• Task requirements:
From the data below, retype exactly the lines starting with the one that contains "Sortierte Euro-Banknoten und" and ending with the one that contains "Female scientist in", both included.

• Input for this task:
BEGIN

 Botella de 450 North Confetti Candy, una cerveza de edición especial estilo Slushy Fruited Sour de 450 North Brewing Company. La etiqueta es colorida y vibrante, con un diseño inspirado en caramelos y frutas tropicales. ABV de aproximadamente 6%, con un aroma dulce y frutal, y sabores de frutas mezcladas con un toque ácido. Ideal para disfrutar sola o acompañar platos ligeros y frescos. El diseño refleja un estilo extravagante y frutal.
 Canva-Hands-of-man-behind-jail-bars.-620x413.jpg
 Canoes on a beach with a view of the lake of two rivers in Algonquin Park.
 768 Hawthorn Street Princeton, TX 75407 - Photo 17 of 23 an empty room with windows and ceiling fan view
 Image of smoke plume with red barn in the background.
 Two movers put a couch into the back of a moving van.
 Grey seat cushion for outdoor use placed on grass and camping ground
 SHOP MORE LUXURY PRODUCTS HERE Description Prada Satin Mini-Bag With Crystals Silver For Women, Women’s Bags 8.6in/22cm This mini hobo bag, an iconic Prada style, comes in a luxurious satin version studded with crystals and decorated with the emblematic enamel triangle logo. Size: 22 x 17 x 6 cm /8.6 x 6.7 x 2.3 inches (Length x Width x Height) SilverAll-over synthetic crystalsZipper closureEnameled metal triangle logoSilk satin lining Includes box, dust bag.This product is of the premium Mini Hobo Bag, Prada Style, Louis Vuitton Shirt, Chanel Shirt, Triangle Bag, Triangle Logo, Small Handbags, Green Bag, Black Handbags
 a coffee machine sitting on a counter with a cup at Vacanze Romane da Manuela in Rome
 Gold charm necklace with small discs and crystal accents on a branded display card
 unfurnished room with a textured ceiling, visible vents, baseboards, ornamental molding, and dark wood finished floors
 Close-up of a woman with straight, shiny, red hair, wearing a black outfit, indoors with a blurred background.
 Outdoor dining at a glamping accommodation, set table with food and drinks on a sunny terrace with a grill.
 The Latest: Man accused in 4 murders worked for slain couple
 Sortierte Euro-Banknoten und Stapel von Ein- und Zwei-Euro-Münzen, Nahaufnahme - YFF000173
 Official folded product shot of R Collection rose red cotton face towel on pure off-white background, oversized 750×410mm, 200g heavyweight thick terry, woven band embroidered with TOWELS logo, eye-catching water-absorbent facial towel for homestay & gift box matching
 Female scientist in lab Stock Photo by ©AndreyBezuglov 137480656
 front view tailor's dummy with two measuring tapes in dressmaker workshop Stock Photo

END

• Written solution:
 Sortierte Euro-Banknoten und Stapel von Ein- und Zwei-Euro-Münzen, Nahaufnahme - YFF000173
 Official folded product shot of R Collection rose red cotton face towel on pure off-white background, oversized 750×410mm, 200g heavyweight thick terry, woven band embroidered with TOWELS logo, eye-catching water-absorbent facial towel for homestay & gift box matching
 Female scientist in lab Stock Photo by ©AndreyBezuglov 137480656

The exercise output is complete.